Check out his "Ham-burger." Although it doesn't come off as economical, that's exactly what it is. Rather than beef, the patty is composed of prized heritage breed pork scraps from Mike Phillips and his crew at Red Table. They're smoked, braised, shredded, seasoned with a ham hock glaze and formed into a patty, and the results are impressive, especially when you factor in the sturdy Baker's Field bun and the creamy, palate-cleansing swipe of Alemar's fromage blanc cheese.

Another treat, the meatballs, an over-the-top mix of ground pork and Phillips' world-class pancetta (one of a dozen or so Red Table products incorporated into the menu), tarted up with tons of oregano, thyme, chives and parsley and baked in a lively tomato sauce. In a word, wow.

OK, one more all-hands-on-deck example. It's the reigning monarch of the menu's small sandwich section, the "NE Italian." It's a play on the formulaic Italian sub from the Subway-Jimmy John's circuit, but that's like comparing the Vikings' Adam Thielen to a wide receiver on a third-rate middle-school team.

Gray starts with Baker's Field's spot-on focaccia, piling it with every fat-laden meat — mortadella, salami — from the Red Table playbook, then adds pickled banana peppers and red onions tossed in a fragrant sofrito vinaigrette, which is designed to overshadow any thought of a bottled Italian dressing.

More to love

Gray is a masterful soupmaker. He knows exactly how to call upon aromatics and offbeat ingredients — for example, a jolt of whiskey-infused pork fat to enrich a wild rice soup — to build bases that shout "flavor" without reducing them to overheated concentrates. He then builds on their inherent appeal by incorporating last-minute components that pop with color, flavor and texture.

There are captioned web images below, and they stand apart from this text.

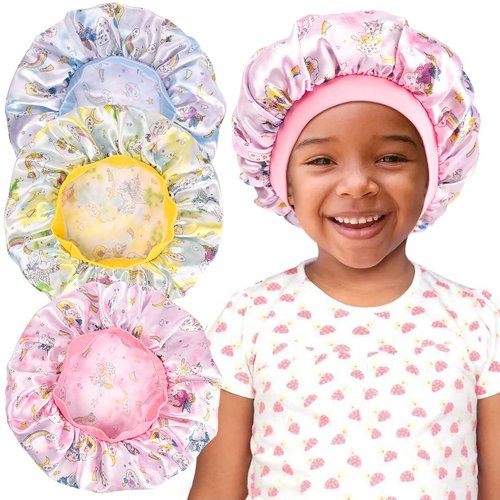 3 Pieces Kids Unicorn Satin Bonnet Wide Elastic Band Sleeping Cap Soft Silk Double Layer Night Hair Hats for Teens Toddler Child Baby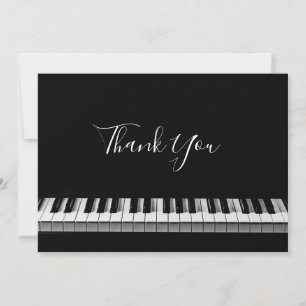 Tarjeta De Agradecimiento gracias calligraphy piano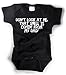 Don't Look At Me, That Smell Is Coming' From My Dad! Funny Baby Bodysuit Unisex BLACK (12-18 Months)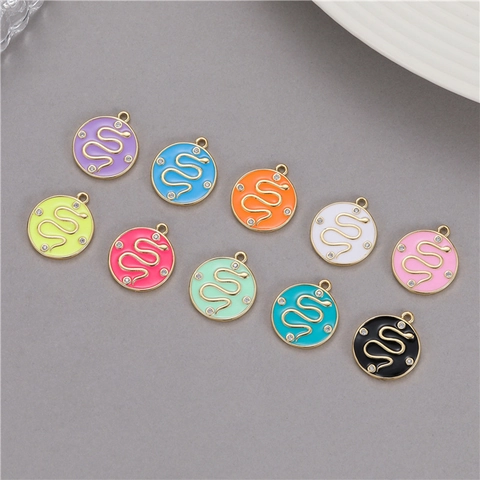 Copper Snake Coin Enamel Pendant Zirconia Micro Inlaid Zodiac Animal Round Charm For DIY Necklace Bracelet Earrings Jewelry Making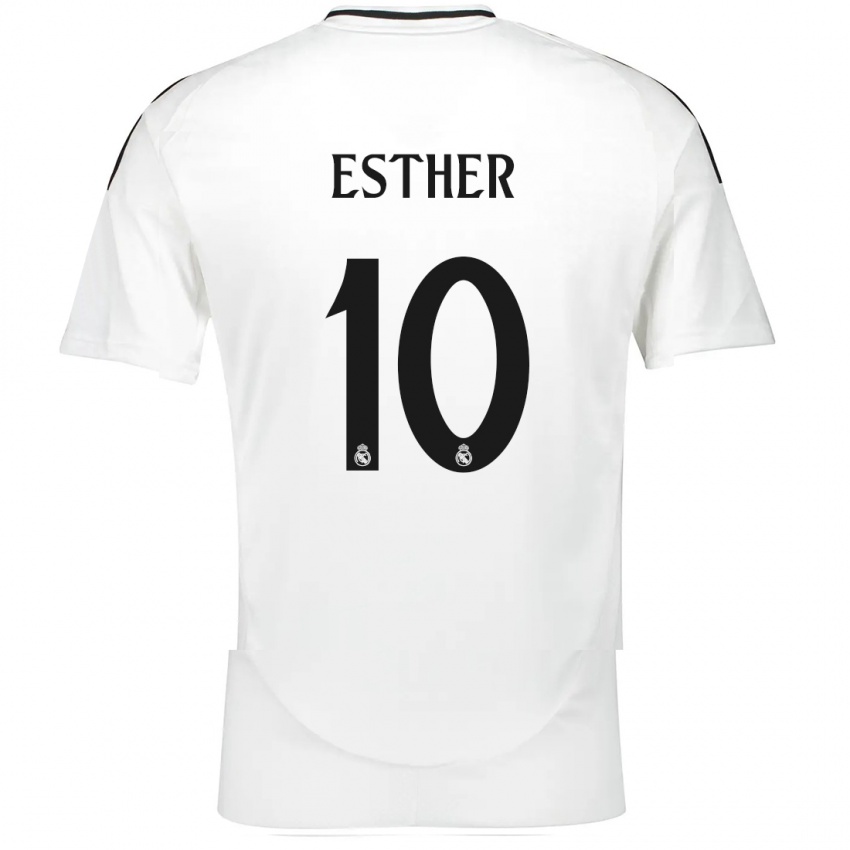 Gyermek Esther Gonzalez #10 Fehér Hazai Jersey 2024/25 Mez Póló Ing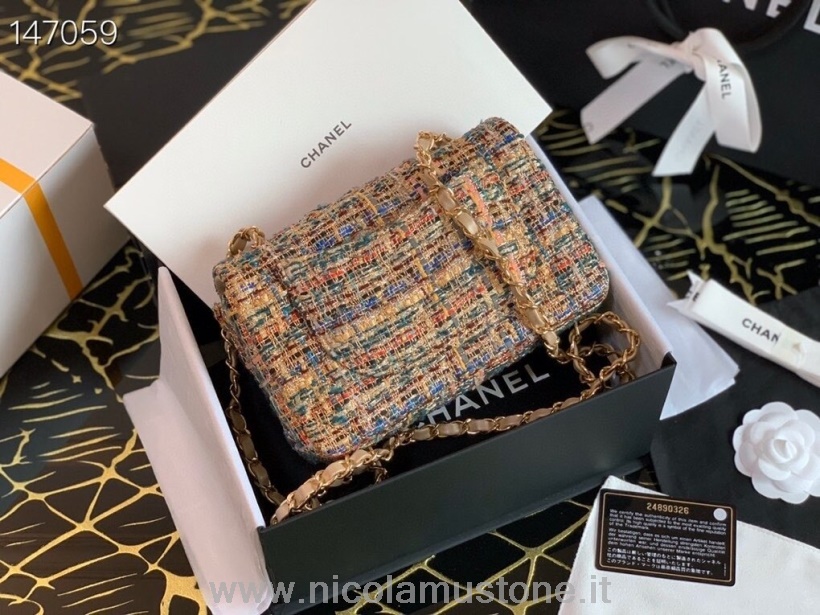Original Qualität Chanel Mini Flap Bag 20cm Tweed/Lammleder Herbst/Winter 2019 Kollektion Beige/Multi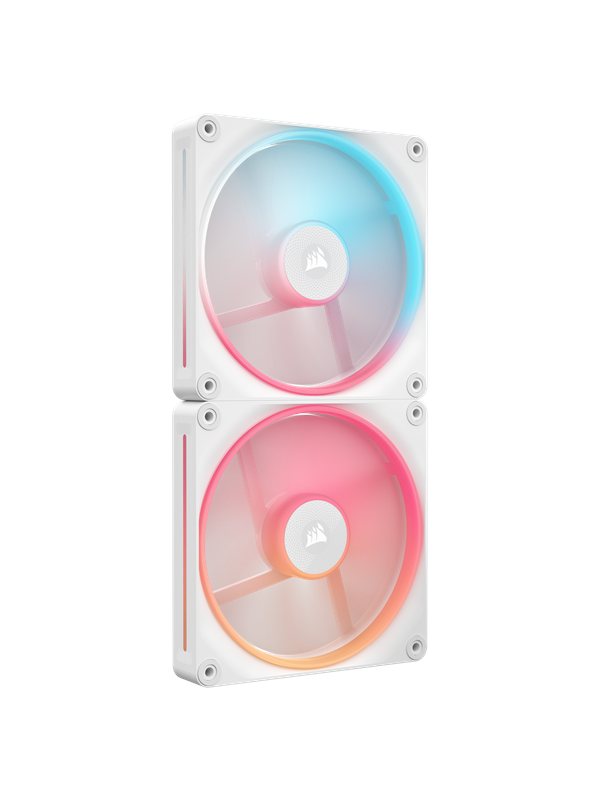 Corsair iCUE LINK LX140-R 2-pack - Gehäuselüfter - 140mm - Weiß mit RGB-Beleuchtung - 37 dBA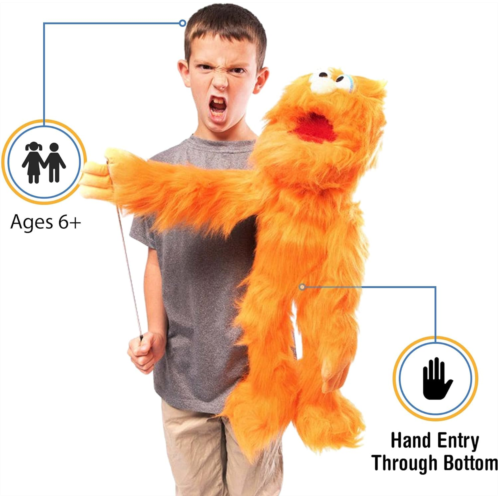 Silly Puppets 30 Orange Monster Puppet, Full Body Ventriloquist Style Puppet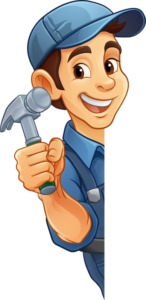 Cartoon image of a handyman holding a hammer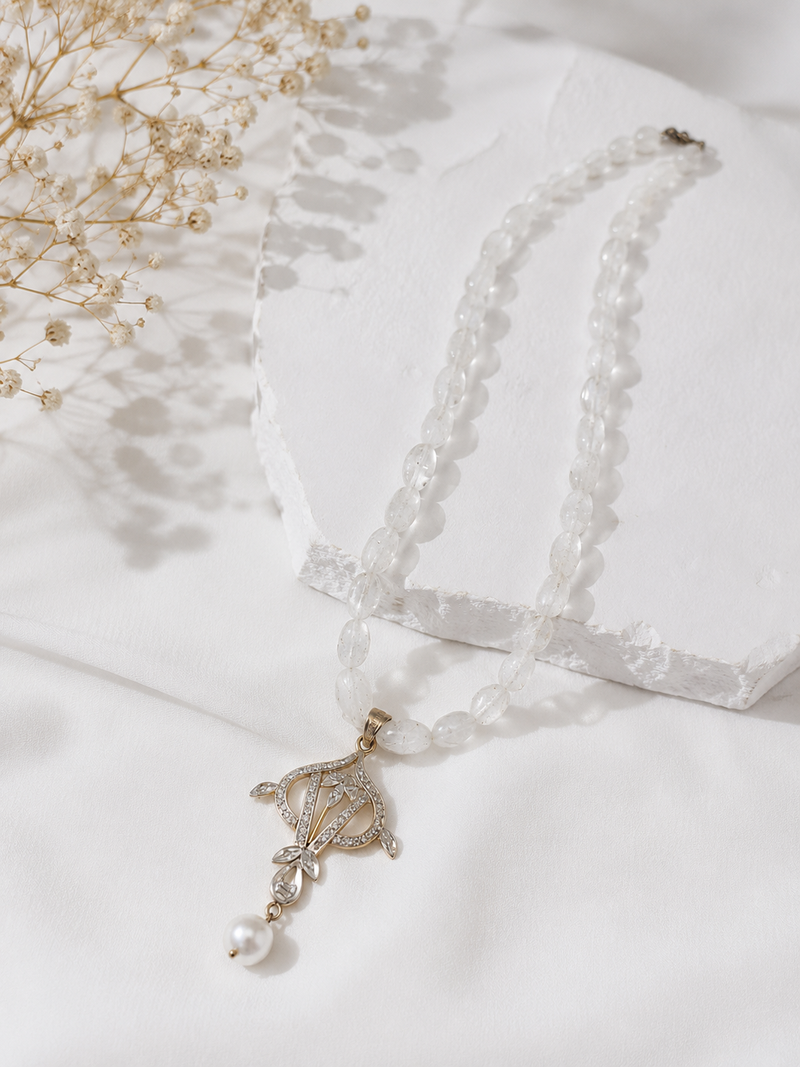 white color beads mala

His salads are also a cut above. A refreshing haystack of matchstick-cut Keepsake apples, their bite sweet and juicy, is finished with red onions, blue cheese and a zippy housemade crème fraîche. It's a play on a formula that Gray's mother relied upon "for every get-together," he said.

Its polar opposite is similarly appealing: roasted fingerling potatoes, still warm, are tossed with shallots and spinach and finished with a runny-yolked egg, each forkful touched by a superb vinaigrette that's equal parts bacon fat and mellow aged sherry vinegar. I could eat it every day, at least as long as there's snow on the ground.

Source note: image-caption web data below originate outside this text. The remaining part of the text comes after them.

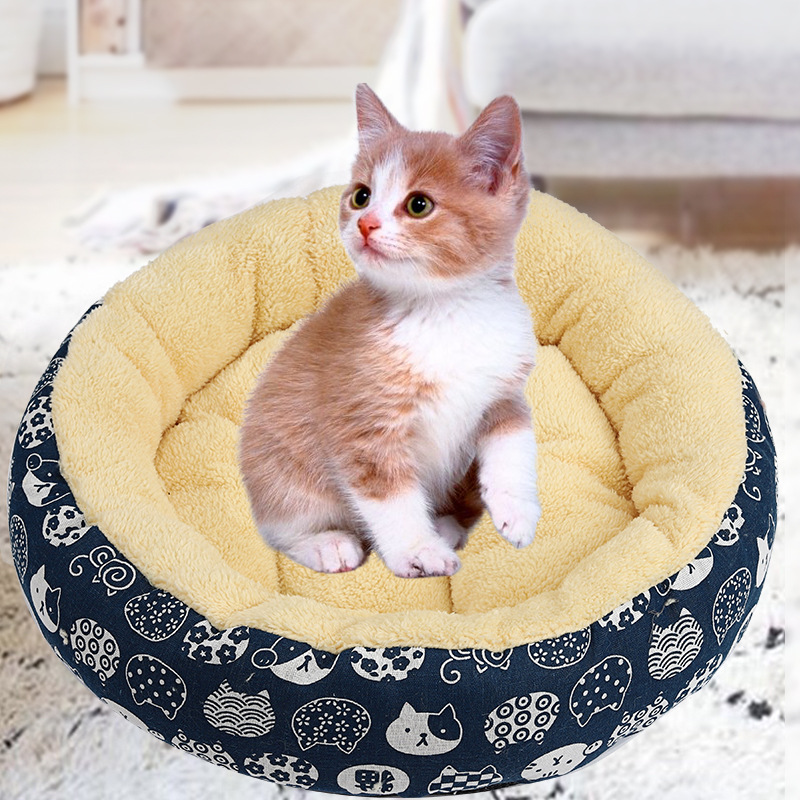 ペットマット 和柄猫顔模様の丸型猫用ふわふわペットベッド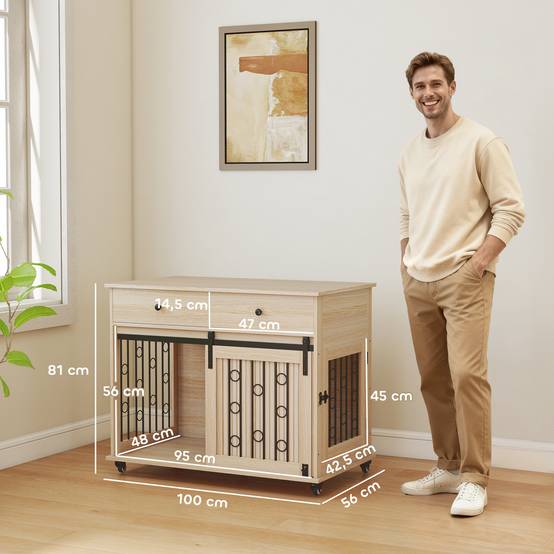 Caisse pour chien sur roues,2 portes,2 tiroirs,chiens moyens/grands,bois acier - Image 5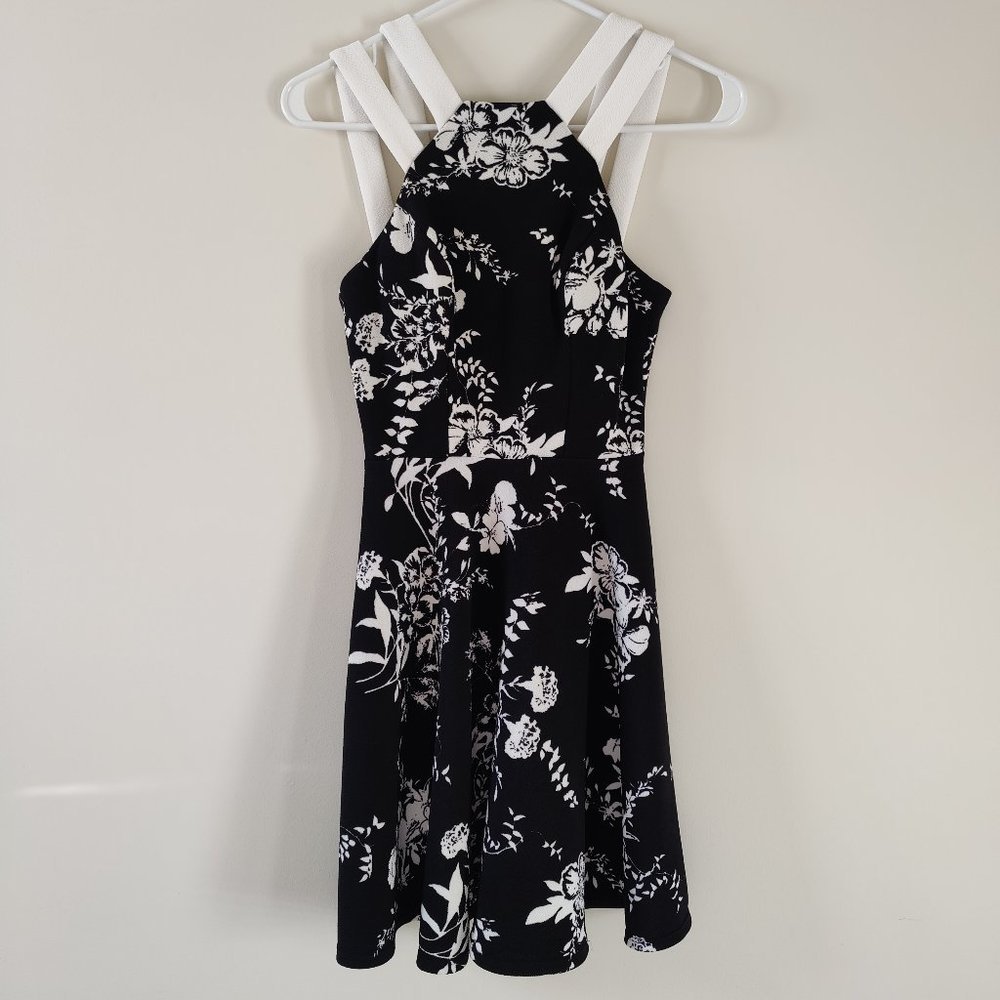 Black and White Floral Skater Mini Dress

If the restaurant were nothing more than a long-awaited retail outlet for Baker's Field baked goods, then it would still belong on everyone's dining-out radar. Owner Steve Horton's wholesale operation supplies a number of local natural foods co-ops, but none carries the one-stop-shopping selection available at Kieran's Kitchen.

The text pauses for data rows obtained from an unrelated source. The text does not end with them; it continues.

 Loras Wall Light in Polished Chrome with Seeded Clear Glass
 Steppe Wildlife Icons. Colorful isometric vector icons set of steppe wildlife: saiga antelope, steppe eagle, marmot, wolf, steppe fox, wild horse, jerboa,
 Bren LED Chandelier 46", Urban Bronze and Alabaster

Most of Horton's output is represented here, and it's one treasure after the next.

His extraordinary breads — made with heritage grains milled on the premises, naturally fermented and baked in a wood-fueled oven — occupy a class unto themselves. I challenge anyone to gaze upon the filone, with its chewy crust and honeycomb-like crumb, or the mind-bending "Hundred Rye," a brick-shaped beauty with an intensely tangy bite, and not buy them.

Dessert here isn't fancy, and it doesn't need to be, when Horton is supplying orange- and almond-scented bostok, or an apple fritter for the ages, or glorious spiral cinnamon rolls fashioned from a divine brioche dough. Then there's my personal favorite, palm-size chocolate cookies. They're fortified with zesty rye flour, and the grain manages to unlock the chocolate's darkly bitter, thirst-inducing virtues.

The superb bagel program is another exciting Food Building cross-pollination effort. Horton supplies the dense, chewy, slightly sour and deeply golden bagels (in plain, poppy, sesame, cinnamon-raisin and "everything" variations), Alemar provides the cream cheese, and Kieran's Kitchen staffers take that luscious, tangy product and fold in all kinds of goodies: chives, kimchi, jalapeño.

Oh, and the doughnuts. My gosh, the doughnuts! Who knew that Horton was such a gifted doughnut maker? The cake doughnuts — rich, tender, uncomplicated — are contenders for tops-in-the-city status. Ditto the bakery's delicate, naturally leavened raised doughnuts, especially the versions filled with boldly flavored preserves from Heidi Skoog, the savant behind St. Paul-based Serious Jam.

Another reason to cheer is that the counter also stocks Red Table Meat Co. output, plus cheeses from Alemar as well as several Minnesota farmstead operations, including Singing Hills Goat Dairy and Shepherd's Way Farms. Bakers can pick up Baker's Field flours, too.

A few issues

There were stumbles. Gray is fluent in pasta making — and he's clearly finding inspiration in Horton's freshly milled flours — but the kitchen's performance isn't always consistent.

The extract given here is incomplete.